Acarició su parte más íntima y ello, simplemente, la encendió. Como todas las noches: la misma hora, el mismo ambiente, la misma música y el mismo ritual. Presintió que algo más habría, que todo lo que ella le había enseñado, las horas que habían pasado juntos, las enseñanzas y las vivencias que habían compartido, el amor y el respeto que se profesaban, alcanzarían allí, en ese mismo tiempo y lugar, un destino común. Supo que no era una velada más, semejante a las que día tras día (¿serían cien, quince o mil?) acostumbraban pasar. El la adoraba y le profesaba su amor a cada minuto, en cada acto, en cada palabra o en cada caricia que le dirigía. Sin embargo, nada fácil era lograr un acercamiento (en un principio lo creyó imposible, aunque poco duró ese "loco" pensamiento) que le permitiese formalizar o consumar la unión tan deseada. Era su vida, su capricho y su necesidad: lo único por lo que durante algún tiempo trabajó a fin de consolarla y renovarla en su inagotable fuente de belleza y sabiduría. Ella (fría, sólida y distante), lo ignoraba. Pero esto él no lo veía (ahora, después de todo este tiempo, me pregunto si hubiese podido yo, el mismo iluso y el mismo androide lunático, desde éste, el otro lado, haber hecho algo por su salvación); es más, creía ver en esa indiferencia una invitación a la pasión desenfrenada, al amor esquizofrénico y obsesivo que tanto le atraían. Así comenzó su idilio y sus noches se extendieron a mañanas, y éstas en inacabables tardes, dando paso a nuevas y recurrentes noches; sentado sólo frente a ella, admirando su imagen y explorando sus intimidades; inmiscuyéndose en lo más profundo de sus entrañas; profanando sus más excéntricos y secretos tesoros; creando y entrelazando fantasías hasta por él mismo insospechadas.

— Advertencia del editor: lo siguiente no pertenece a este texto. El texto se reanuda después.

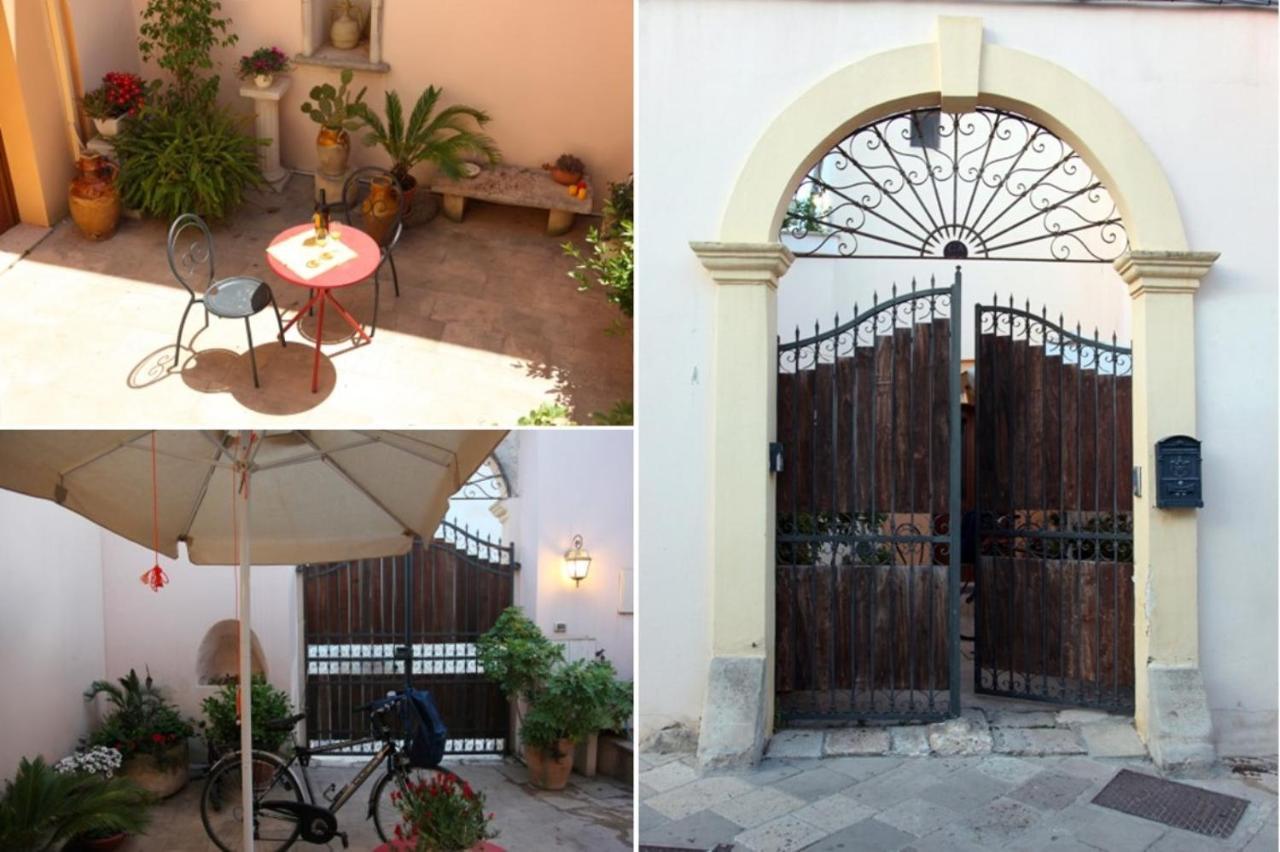 Hotel Antica Dimora - Ospitalità e Tradizione Nardò Esterno foto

Extasiado, desencajado y con varios días sin conciliar el sueño, fue ingresando en un estado total de inexistencia, provocado por la loca ambición de conocer todo y cada rincón de su idolatrada. Así pasó varios meses (tal vez fueran años, lo mismo da), sin concebir otra idea que la de entregarse a su inalterable pasión. Hasta que al fin llegó esa noche...
Con las últimas fuerzas que le quedaban, intentó sin fortuna aferrarse primero al pecho y luego a las piernas de su amada.
Lo último que pudo observar, en un irreconocible y desafortunado acto de cordura, fue cómo lo que él creía el rostro de su platónico amor, no era más que el monitor de una moderna PC, y que éste se lo llevaba, (para nunca más regresar) a este otro mundo que alguna vez yo también, humano devenido en píxel, ignoré.